Goal of the exercise: From the line containing "Charming House In The Heart Of *" through the last line of the entries below, print each line exactly. Pictures stay out.

Captioned web images:
════════════════════
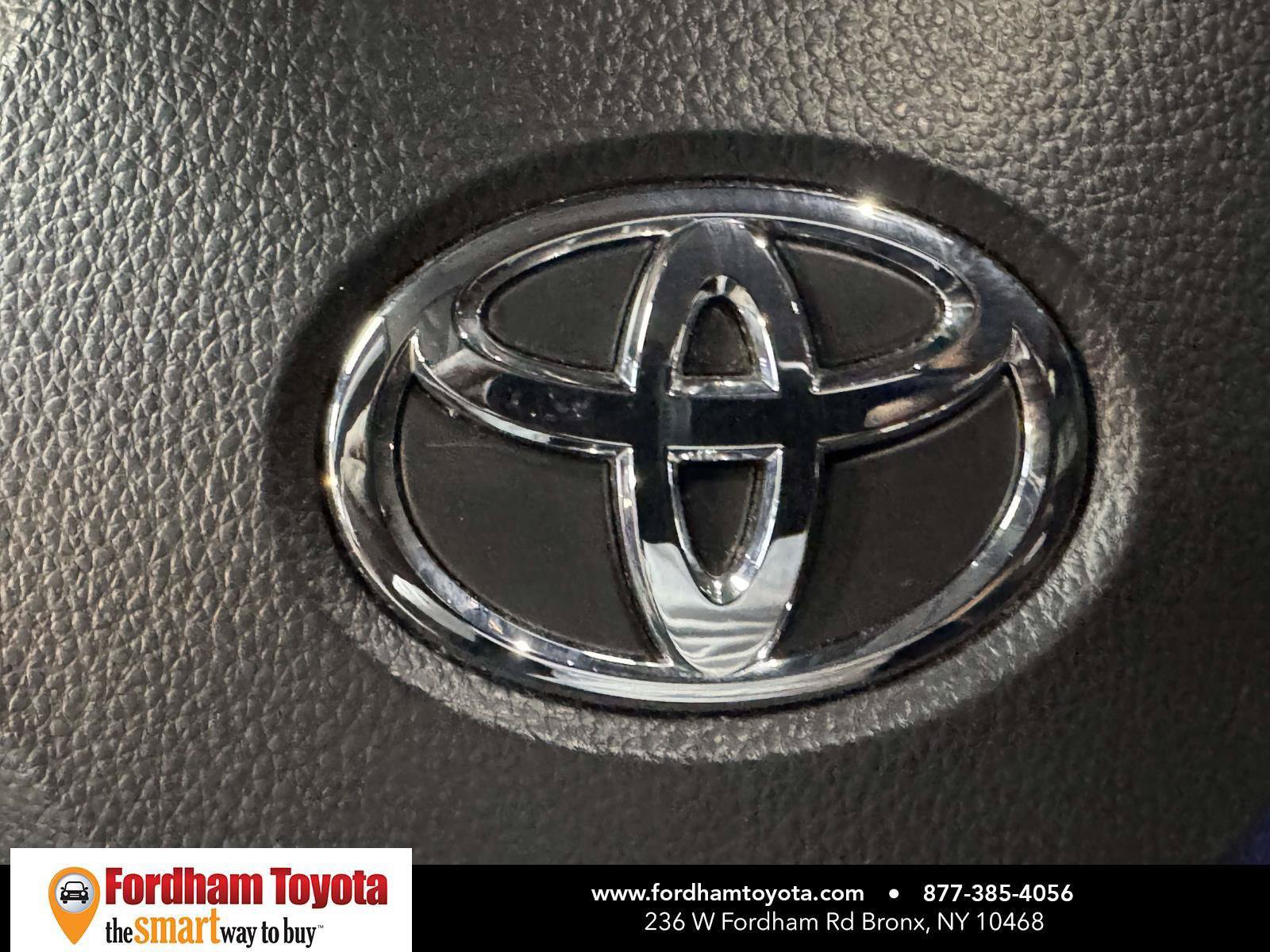Used 2024 Toyota Corolla LE FWD image 32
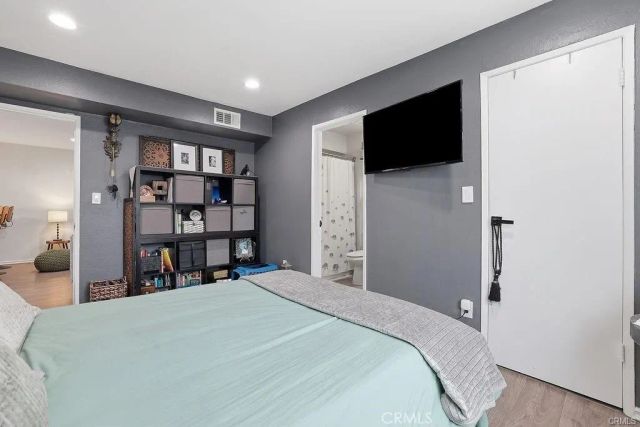 18530 Hatteras Street 337, Tarzana, CA 91356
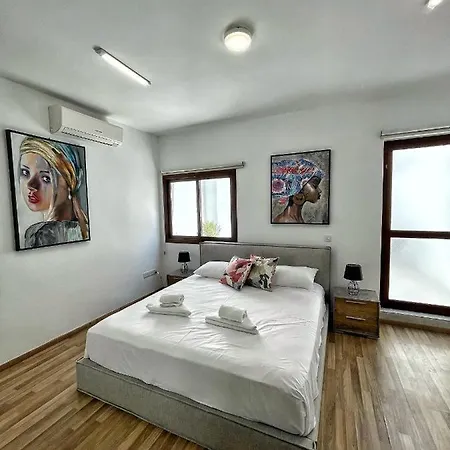 Charming House In The Heart Of *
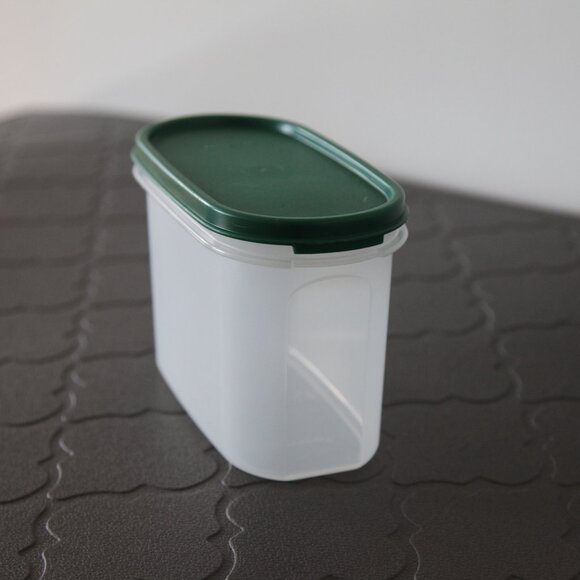 4 3/4 cups Tupperware Container - Picture 2 of 10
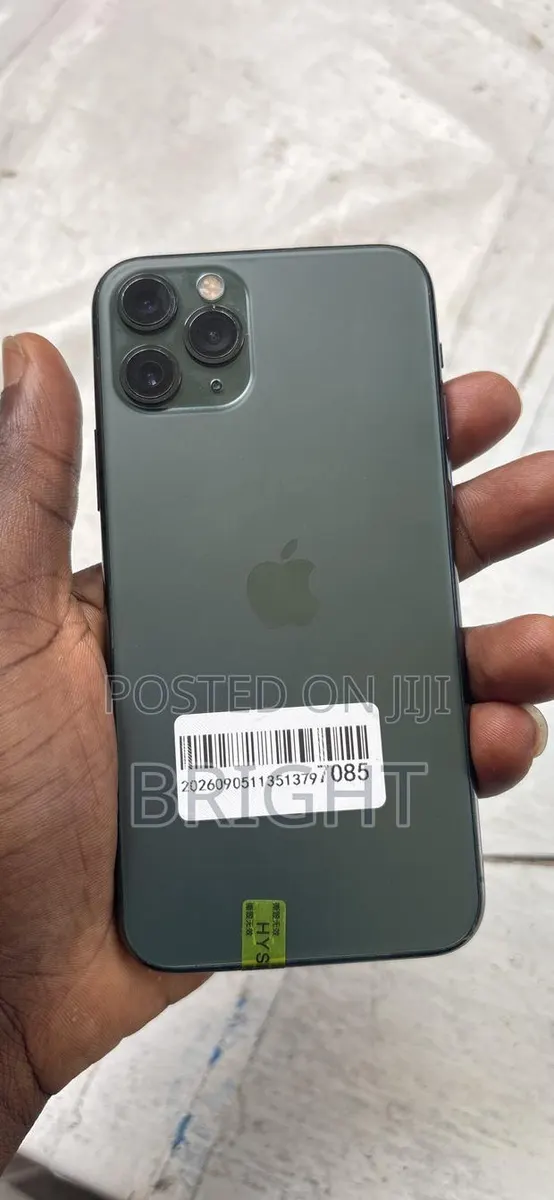 Apple iPhone 11 Pro 256 GB Gray · Photo 1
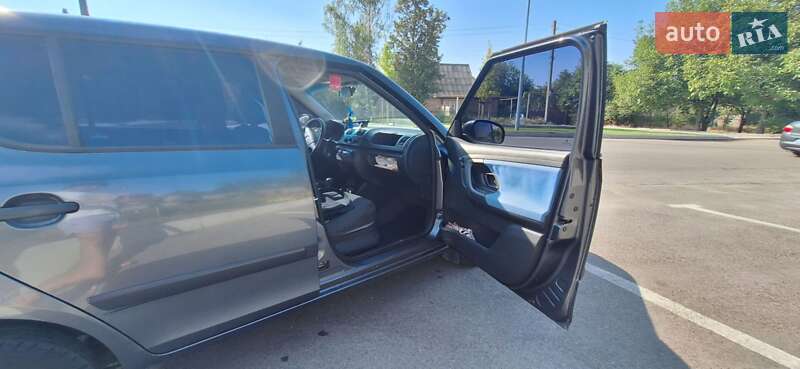 Хетчбек Skoda Fabia 2008 в Запоріжжі фото 12 Хетчбек Skoda Fabia 2008 в Запоріжжі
════════════════════
Output for this exercise:
 Charming House In The Heart Of *
 4 3/4 cups Tupperware Container - Picture 2 of 10
 Apple iPhone 11 Pro 256 GB Gray · Photo 1
 Хетчбек Skoda Fabia 2008 в Запоріжжі фото 12 Хетчбек Skoda Fabia 2008 в Запоріжжі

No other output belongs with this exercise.